The Cursed Child Questions (Spoilers Abound) Part 2
Once again, you have been warned. There are spoilers in this post for JK Rowling’s The Cursed Child. Okay, this particular post doesn’t really contain a huge, plot-revealing spoiler, but if you’re sensitive to spoilers of any kind, SKIP THIS POST.
I mean it.
Really, click away if you haven’t read the play. This is your last warning…
Okay, coast is clear.
So… Professor McGonagall’s childlessness is finally addressed. I’ve always wondered why the professors weren’t married, and why none had children. Really? It seems very strange in the modern world (and a quick Google search tells me that British schools are like American schools in the sense that many boarding school teachers today are married, and often times both people work in the school) to not have one married teacher in an entire school.
Anyway, it was addressed in the worst possible way. Harry (on page 122) shouts at Professor McGonagall that she doesn’t understand what it means to parent a child because she doesn’t have children.
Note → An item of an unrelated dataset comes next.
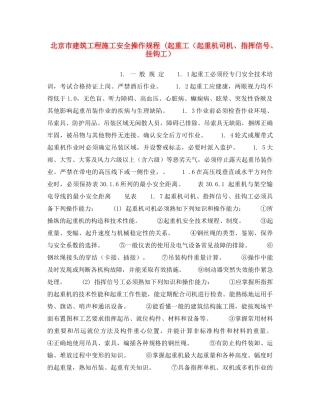 《安全操作规程》之北京市建筑工程施工安全操作规程 (起重工（起重机司机、指挥信号、挂钩工） 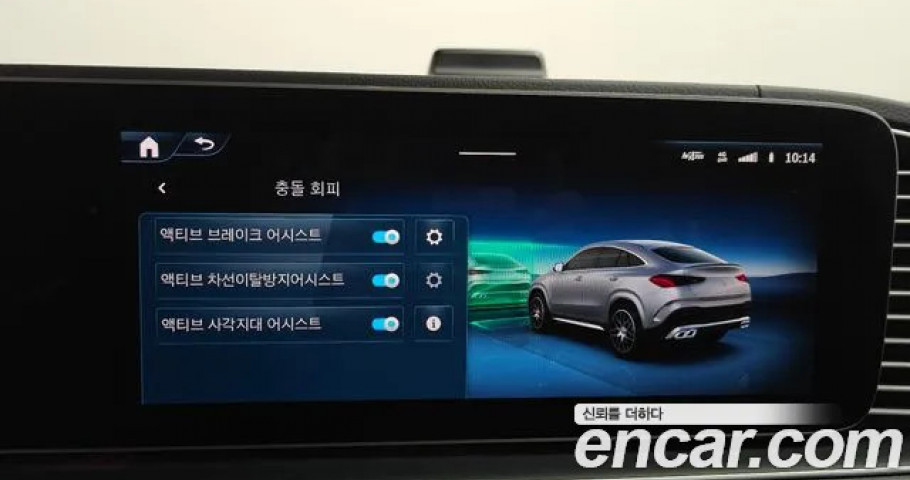 Mercedes-Benz GLE-Class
We don’t have to talk about all the ways that Ron and Harry and Hermione sort of suck in adulthood. But that moment was such a slap in the face. While Harry later apologizes for the overall outburst, that line is never addressed again.
I have been on the receiving end of that type of comment, back when I was teaching, before I had kids. I’ve also been on the receiving end of unsolicited (and, frankly, unhelpful) advice from teachers on how to best parent twins. So I’ve had it both ways.
And I still sucked in my breath with that line.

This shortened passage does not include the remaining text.